WORK INSTRUCTION
First find the line with "11 Mount Pleasant Street Newmarket NH 03857" in the entries below, then set down exactly every line through the line with "Zu Beginn dieses", that line included.

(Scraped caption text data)
^^^^
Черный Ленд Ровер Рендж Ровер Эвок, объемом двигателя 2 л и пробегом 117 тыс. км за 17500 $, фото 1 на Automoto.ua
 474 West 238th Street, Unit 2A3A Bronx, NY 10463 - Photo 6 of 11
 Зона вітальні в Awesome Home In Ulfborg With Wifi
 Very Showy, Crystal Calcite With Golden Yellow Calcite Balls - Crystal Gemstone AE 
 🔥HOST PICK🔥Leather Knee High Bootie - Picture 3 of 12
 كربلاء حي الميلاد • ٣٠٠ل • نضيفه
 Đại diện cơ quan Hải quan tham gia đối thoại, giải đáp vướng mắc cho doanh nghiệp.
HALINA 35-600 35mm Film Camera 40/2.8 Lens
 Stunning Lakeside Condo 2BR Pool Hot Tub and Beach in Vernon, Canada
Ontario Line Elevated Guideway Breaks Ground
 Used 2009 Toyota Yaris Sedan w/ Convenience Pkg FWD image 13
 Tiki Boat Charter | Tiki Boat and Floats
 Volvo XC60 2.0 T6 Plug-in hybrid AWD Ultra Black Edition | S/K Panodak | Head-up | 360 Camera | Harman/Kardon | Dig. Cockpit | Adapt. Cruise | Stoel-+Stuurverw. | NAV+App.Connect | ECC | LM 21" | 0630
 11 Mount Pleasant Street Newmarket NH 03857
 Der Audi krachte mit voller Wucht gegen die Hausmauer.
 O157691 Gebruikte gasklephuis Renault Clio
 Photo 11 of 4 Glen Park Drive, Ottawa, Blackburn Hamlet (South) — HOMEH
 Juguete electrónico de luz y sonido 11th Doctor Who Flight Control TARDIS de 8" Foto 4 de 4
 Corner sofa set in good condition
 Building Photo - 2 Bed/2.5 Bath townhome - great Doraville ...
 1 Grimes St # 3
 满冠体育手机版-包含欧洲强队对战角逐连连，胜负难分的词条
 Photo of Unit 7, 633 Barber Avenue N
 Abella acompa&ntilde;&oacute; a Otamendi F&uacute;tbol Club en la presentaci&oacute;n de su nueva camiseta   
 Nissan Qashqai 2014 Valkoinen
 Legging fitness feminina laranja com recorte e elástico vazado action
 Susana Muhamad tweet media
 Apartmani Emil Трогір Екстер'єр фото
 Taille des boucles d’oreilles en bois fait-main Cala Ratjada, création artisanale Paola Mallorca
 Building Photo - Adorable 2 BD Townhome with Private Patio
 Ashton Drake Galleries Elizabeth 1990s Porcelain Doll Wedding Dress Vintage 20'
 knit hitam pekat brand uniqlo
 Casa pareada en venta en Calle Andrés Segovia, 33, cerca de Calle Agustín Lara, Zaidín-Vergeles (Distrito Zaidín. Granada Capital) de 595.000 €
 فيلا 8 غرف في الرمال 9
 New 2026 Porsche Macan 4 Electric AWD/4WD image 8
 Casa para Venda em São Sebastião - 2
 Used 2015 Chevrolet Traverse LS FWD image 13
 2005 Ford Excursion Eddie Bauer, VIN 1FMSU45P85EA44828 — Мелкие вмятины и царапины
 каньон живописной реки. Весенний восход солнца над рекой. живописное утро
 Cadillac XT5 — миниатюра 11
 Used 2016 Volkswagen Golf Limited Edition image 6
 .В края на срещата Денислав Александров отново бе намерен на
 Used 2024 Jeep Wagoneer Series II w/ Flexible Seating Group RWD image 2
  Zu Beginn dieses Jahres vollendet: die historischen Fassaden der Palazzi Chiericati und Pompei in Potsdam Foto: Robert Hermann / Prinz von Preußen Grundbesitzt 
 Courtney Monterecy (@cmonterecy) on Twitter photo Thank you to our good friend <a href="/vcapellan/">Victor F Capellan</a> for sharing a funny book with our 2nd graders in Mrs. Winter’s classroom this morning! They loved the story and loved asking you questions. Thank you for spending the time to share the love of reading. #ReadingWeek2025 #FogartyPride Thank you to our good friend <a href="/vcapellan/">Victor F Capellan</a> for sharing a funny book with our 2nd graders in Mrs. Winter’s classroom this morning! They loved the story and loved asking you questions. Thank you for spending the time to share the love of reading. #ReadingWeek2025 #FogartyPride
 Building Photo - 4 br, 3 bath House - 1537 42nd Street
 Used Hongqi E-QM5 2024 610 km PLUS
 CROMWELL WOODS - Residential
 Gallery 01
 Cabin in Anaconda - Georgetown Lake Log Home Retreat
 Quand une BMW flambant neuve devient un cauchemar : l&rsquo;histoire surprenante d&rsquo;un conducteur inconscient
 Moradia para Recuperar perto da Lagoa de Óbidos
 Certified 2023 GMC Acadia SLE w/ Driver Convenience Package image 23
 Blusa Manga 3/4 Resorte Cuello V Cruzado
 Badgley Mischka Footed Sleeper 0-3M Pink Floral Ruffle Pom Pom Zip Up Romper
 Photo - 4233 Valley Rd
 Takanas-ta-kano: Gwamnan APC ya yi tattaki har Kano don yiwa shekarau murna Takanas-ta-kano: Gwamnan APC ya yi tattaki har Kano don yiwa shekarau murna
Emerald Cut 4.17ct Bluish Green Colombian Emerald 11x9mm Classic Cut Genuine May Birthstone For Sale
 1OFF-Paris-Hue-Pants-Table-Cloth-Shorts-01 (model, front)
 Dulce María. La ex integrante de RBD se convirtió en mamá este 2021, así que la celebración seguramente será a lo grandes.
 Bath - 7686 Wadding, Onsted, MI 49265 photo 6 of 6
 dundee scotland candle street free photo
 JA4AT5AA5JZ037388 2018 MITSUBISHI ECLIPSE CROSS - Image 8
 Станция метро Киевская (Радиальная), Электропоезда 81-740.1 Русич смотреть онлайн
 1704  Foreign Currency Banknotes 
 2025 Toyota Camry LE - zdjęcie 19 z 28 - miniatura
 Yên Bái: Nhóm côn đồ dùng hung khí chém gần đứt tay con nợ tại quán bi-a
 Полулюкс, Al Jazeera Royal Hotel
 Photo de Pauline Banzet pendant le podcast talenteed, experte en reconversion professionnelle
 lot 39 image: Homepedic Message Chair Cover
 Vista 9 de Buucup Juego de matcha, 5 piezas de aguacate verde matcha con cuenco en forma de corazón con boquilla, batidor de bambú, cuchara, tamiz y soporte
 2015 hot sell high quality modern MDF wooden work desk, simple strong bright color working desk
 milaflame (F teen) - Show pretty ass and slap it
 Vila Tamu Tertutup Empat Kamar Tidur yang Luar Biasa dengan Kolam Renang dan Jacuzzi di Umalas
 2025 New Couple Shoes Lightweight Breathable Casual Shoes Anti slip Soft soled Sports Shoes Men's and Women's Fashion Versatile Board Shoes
^^^^
EXERCISE ANSWER
 11 Mount Pleasant Street Newmarket NH 03857
 Der Audi krachte mit voller Wucht gegen die Hausmauer.
 O157691 Gebruikte gasklephuis Renault Clio
 Photo 11 of 4 Glen Park Drive, Ottawa, Blackburn Hamlet (South) — HOMEH
 Juguete electrónico de luz y sonido 11th Doctor Who Flight Control TARDIS de 8" Foto 4 de 4
 Corner sofa set in good condition
 Building Photo - 2 Bed/2.5 Bath townhome - great Doraville ...
 1 Grimes St # 3
 满冠体育手机版-包含欧洲强队对战角逐连连，胜负难分的词条
 Photo of Unit 7, 633 Barber Avenue N
 Abella acompa&ntilde;&oacute; a Otamendi F&uacute;tbol Club en la presentaci&oacute;n de su nueva camiseta   
 Nissan Qashqai 2014 Valkoinen
 Legging fitness feminina laranja com recorte e elástico vazado action
 Susana Muhamad tweet media
 Apartmani Emil Трогір Екстер'єр фото
 Taille des boucles d’oreilles en bois fait-main Cala Ratjada, création artisanale Paola Mallorca
 Building Photo - Adorable 2 BD Townhome with Private Patio
 Ashton Drake Galleries Elizabeth 1990s Porcelain Doll Wedding Dress Vintage 20'
 knit hitam pekat brand uniqlo
 Casa pareada en venta en Calle Andrés Segovia, 33, cerca de Calle Agustín Lara, Zaidín-Vergeles (Distrito Zaidín. Granada Capital) de 595.000 €
 فيلا 8 غرف في الرمال 9
 New 2026 Porsche Macan 4 Electric AWD/4WD image 8
 Casa para Venda em São Sebastião - 2
 Used 2015 Chevrolet Traverse LS FWD image 13
 2005 Ford Excursion Eddie Bauer, VIN 1FMSU45P85EA44828 — Мелкие вмятины и царапины
 каньон живописной реки. Весенний восход солнца над рекой. живописное утро
 Cadillac XT5 — миниатюра 11
 Used 2016 Volkswagen Golf Limited Edition image 6
 .В края на срещата Денислав Александров отново бе намерен на
 Used 2024 Jeep Wagoneer Series II w/ Flexible Seating Group RWD image 2
  Zu Beginn dieses Jahres vollendet: die historischen Fassaden der Palazzi Chiericati und Pompei in Potsdam Foto: Robert Hermann / Prinz von Preußen Grundbesitzt 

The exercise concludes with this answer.